Top of MATERIALS PROVIDED

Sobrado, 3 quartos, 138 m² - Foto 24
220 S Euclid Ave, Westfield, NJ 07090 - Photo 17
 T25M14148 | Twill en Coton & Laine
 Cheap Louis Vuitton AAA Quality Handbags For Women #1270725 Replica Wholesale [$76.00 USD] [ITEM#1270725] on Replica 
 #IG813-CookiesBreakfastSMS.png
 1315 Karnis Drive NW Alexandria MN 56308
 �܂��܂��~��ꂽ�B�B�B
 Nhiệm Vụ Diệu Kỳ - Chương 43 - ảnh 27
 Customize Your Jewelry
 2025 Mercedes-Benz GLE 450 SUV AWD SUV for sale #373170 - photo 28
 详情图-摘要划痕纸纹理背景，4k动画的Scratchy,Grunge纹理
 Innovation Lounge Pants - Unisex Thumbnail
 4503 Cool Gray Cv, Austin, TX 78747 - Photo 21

Bottom of MATERIALS PROVIDED

The records must each be output verbatim, with nothing left out.

Sobrado, 3 quartos, 138 m² - Foto 24
220 S Euclid Ave, Westfield, NJ 07090 - Photo 17
 T25M14148 | Twill en Coton & Laine
 Cheap Louis Vuitton AAA Quality Handbags For Women #1270725 Replica Wholesale [$76.00 USD] [ITEM#1270725] on Replica 
 #IG813-CookiesBreakfastSMS.png
 1315 Karnis Drive NW Alexandria MN 56308
 �܂��܂��~��ꂽ�B�B�B
 Nhiệm Vụ Diệu Kỳ - Chương 43 - ảnh 27
 Customize Your Jewelry
 2025 Mercedes-Benz GLE 450 SUV AWD SUV for sale #373170 - photo 28
 详情图-摘要划痕纸纹理背景，4k动画的Scratchy,Grunge纹理
 Innovation Lounge Pants - Unisex Thumbnail
 4503 Cool Gray Cv, Austin, TX 78747 - Photo 21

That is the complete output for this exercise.